Las Vegas MGM was hacked; details of over 10 million guests exposed online

A data breach has compromised the information of millions of people who have stayed at MGM Resorts hotels, including Las Vegas’ MGM Grand. According to an information security firm, the personal data of 10.5 million customers of the hotel chain were extracted from the company’s databases and posted on a hacking forum. The compromised information includes details of celebrities, athletes, entrepreneurs and government officials from all over the world.

According to an analysis by security firm ZDNet, the shared information contains a total of 10, 683,188 records belonging to former guests in the hotel chain. Among the exposed data we can find:

  • Full names
  • Addresses
  • Email addresses
  • Phone numbers
  • Birth dates

After questioning the hotel chain, a representative of MGM Resorts said their information security team was already aware of the incident, as it was detected more than a year ago. In addition, the spokesperson stated that users were notified as soon as the data breach was detected, and that the posting of this information on the hacking forum occurred just a few days ago. “We are confident that financial information as payment card data or confidential numbers were not compromised during this incident,” the spokesperson added.

The MGM Resorts’ database, found in a Russian-speaking forum

However, not everyone trusts the company’s official position.
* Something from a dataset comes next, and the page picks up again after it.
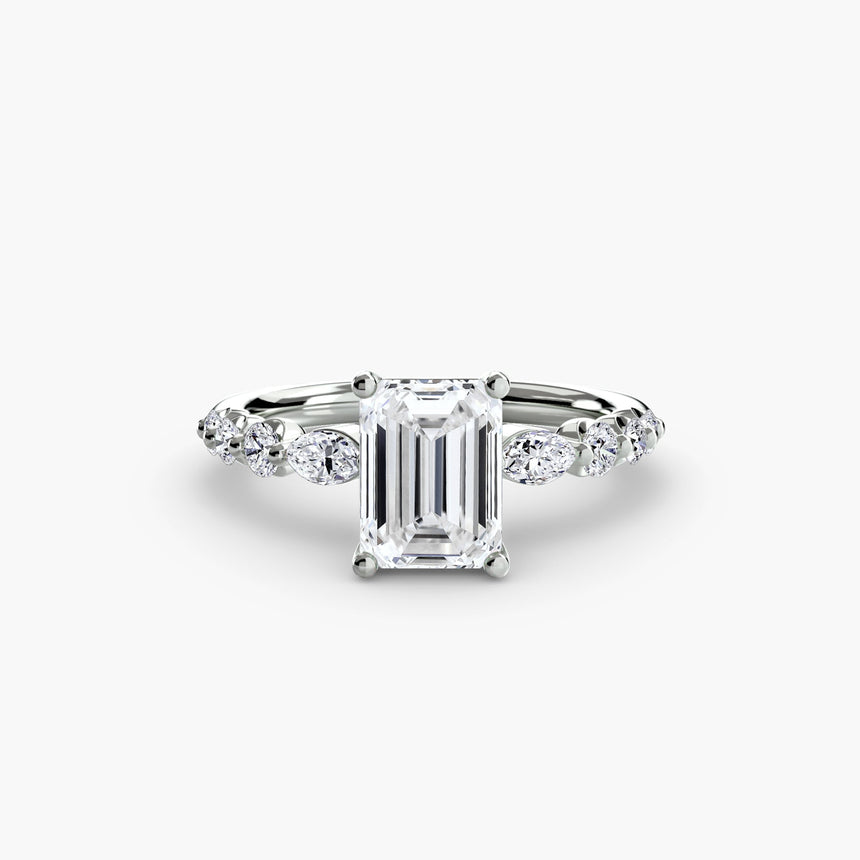 TIERED ACCENT – Emerald Cut Graduated Diamond Solitaire Ring Setting in 950 Platinum, standalone product view | SARATTI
For example, Irina Nesterovsky, research director at information security firm KELA, says the MGM Resorts database began circulating various hacking forums from July 2019. In addition, the researcher suggests that those responsible for the leak are related to GnosticPlayers, a hacker (or hacker group) associated with various incidents of data breaches.
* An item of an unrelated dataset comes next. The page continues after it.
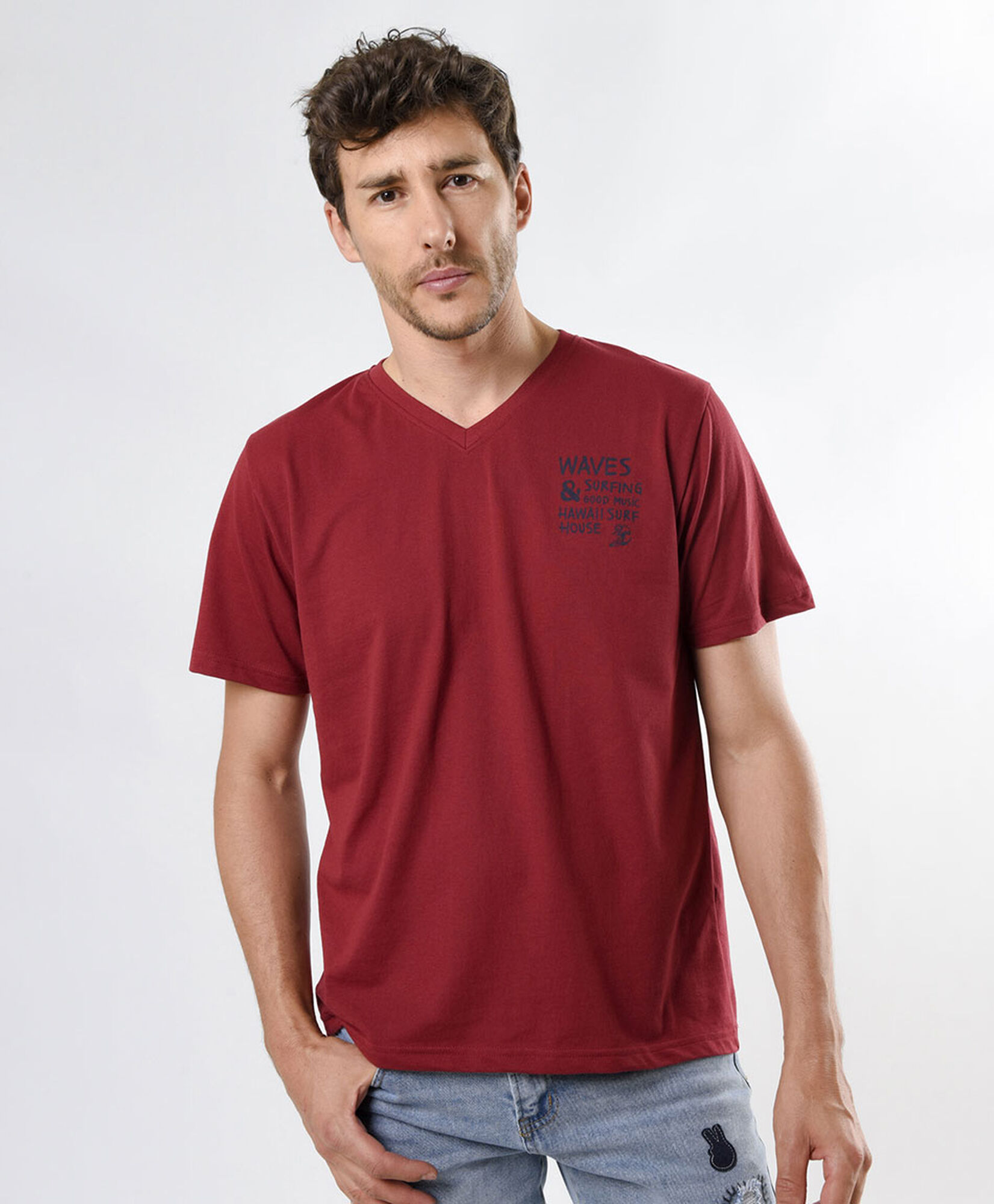 Polera hombre doble estampado surf Polera hombre doble estampado surf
Given the nature of the data breach, the information exposed can be very useful for multiple hacker groups. Malicious activities that users might be exposed to include SIM exchange attacks, phishing campaigns, harassment, and extortion, among other variants of fraud.

Although the hotel chain claims that the information exposed is outdated, the International Institute of Cyber Security (IICS) considers the incident to expose users equally, as the sophistication of hacker groups allows generate detailed profiles even on the basis of inaccurate or old information.